Your goal: The required output is the stretch from the line containing "Dream Lighting 12v" through the line containing "Important adapter considerations, Set" in the records below, unaltered and with no pictures.
*** Opening Available records ***
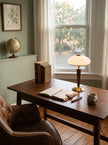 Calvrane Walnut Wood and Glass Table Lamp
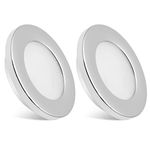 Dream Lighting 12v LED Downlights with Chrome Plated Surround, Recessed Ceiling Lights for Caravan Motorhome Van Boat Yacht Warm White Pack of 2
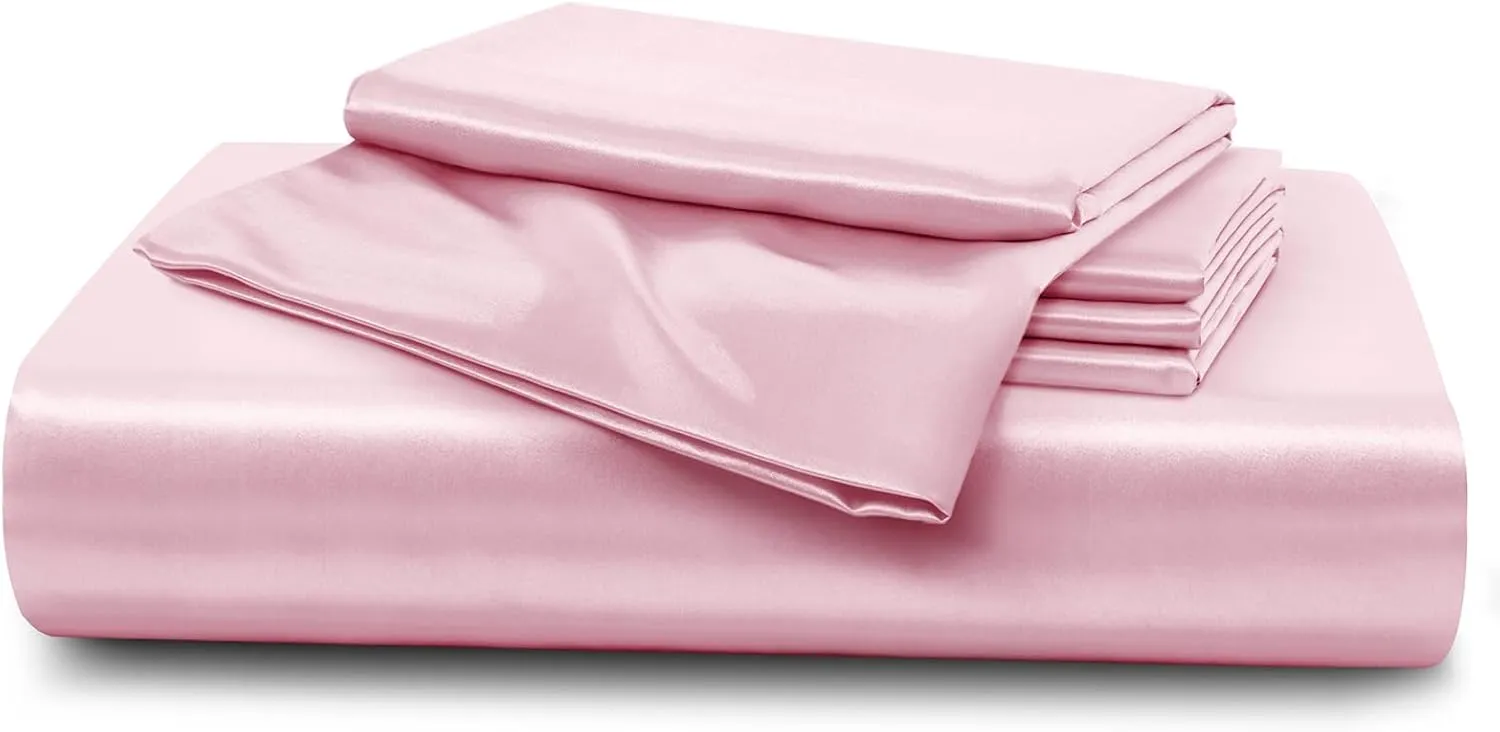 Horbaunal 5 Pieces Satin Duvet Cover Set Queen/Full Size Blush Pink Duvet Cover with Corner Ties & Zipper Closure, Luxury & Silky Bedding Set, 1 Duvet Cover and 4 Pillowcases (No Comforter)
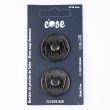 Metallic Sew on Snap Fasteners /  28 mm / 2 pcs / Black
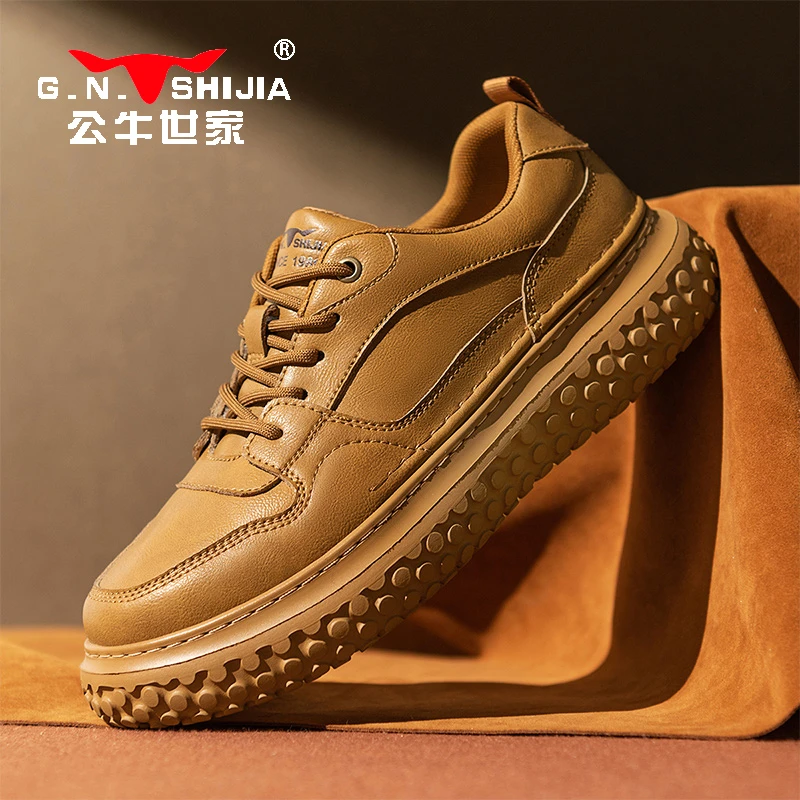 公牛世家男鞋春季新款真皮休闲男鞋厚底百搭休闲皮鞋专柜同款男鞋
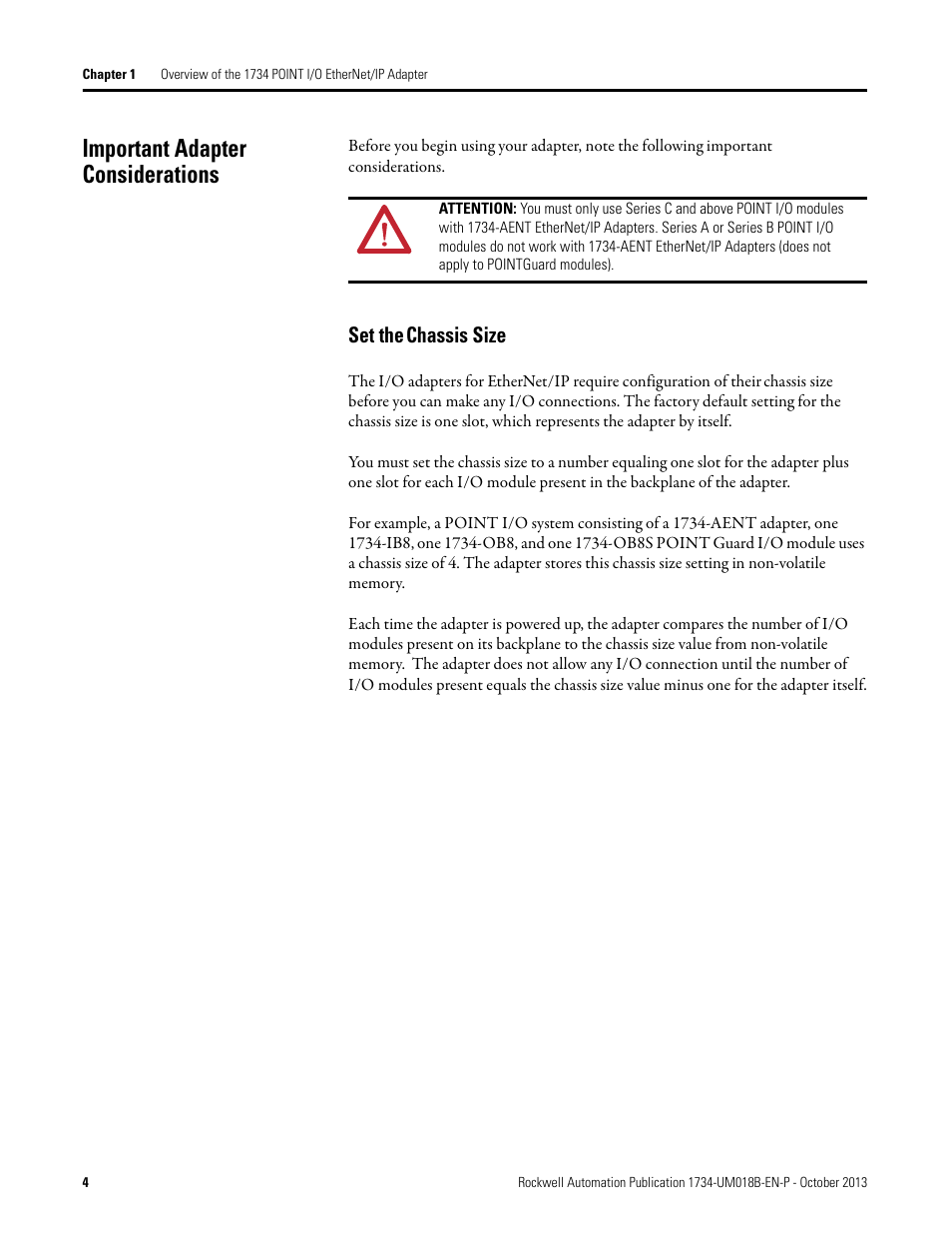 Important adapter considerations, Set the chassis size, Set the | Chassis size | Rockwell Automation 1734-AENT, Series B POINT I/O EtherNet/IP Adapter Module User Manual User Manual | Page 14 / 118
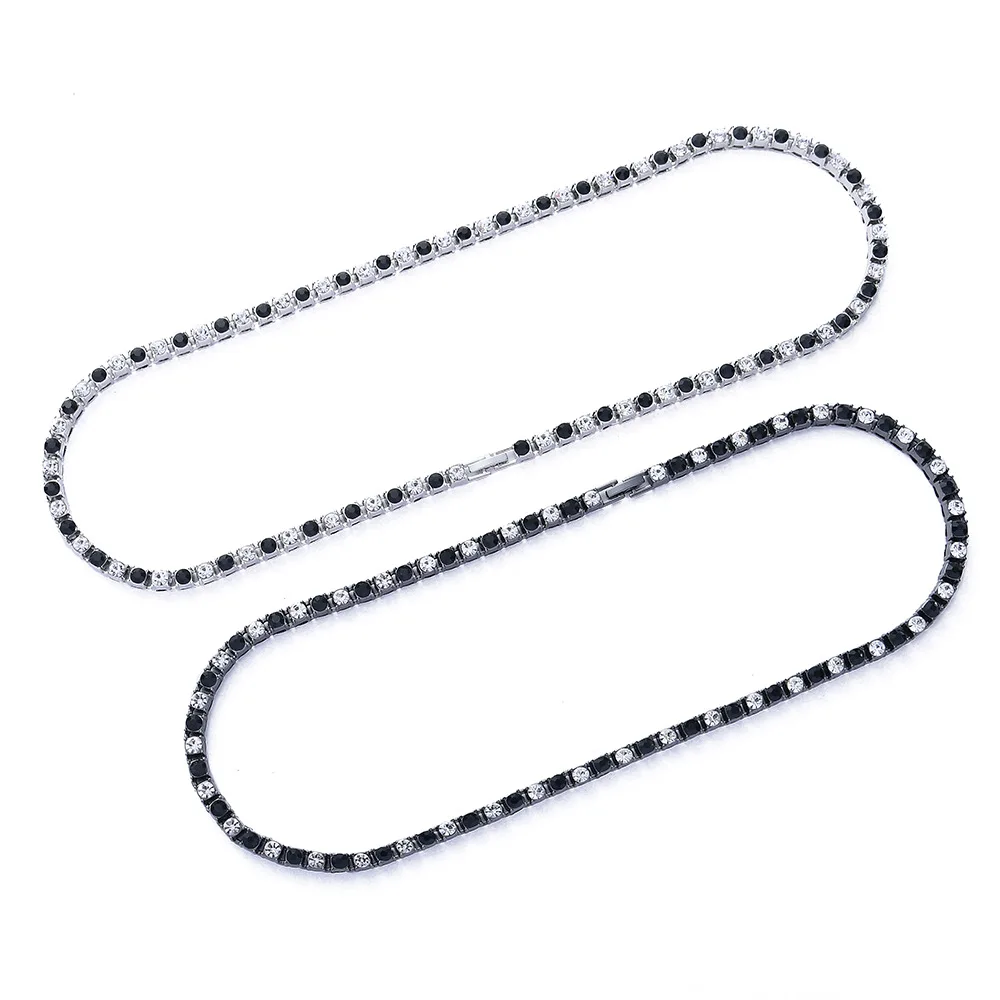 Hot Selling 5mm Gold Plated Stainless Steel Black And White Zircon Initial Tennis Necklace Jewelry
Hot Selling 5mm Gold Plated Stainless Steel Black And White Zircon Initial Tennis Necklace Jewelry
*** Closing Available records ***
The completed task:
 Dream Lighting 12v LED Downlights with Chrome Plated Surround, Recessed Ceiling Lights for Caravan Motorhome Van Boat Yacht Warm White Pack of 2
 Horbaunal 5 Pieces Satin Duvet Cover Set Queen/Full Size Blush Pink Duvet Cover with Corner Ties & Zipper Closure, Luxury & Silky Bedding Set, 1 Duvet Cover and 4 Pillowcases (No Comforter)
 Metallic Sew on Snap Fasteners /  28 mm / 2 pcs / Black
 公牛世家男鞋春季新款真皮休闲男鞋厚底百搭休闲皮鞋专柜同款男鞋
 Important adapter considerations, Set the chassis size, Set the | Chassis size | Rockwell Automation 1734-AENT, Series B POINT I/O EtherNet/IP Adapter Module User Manual User Manual | Page 14 / 118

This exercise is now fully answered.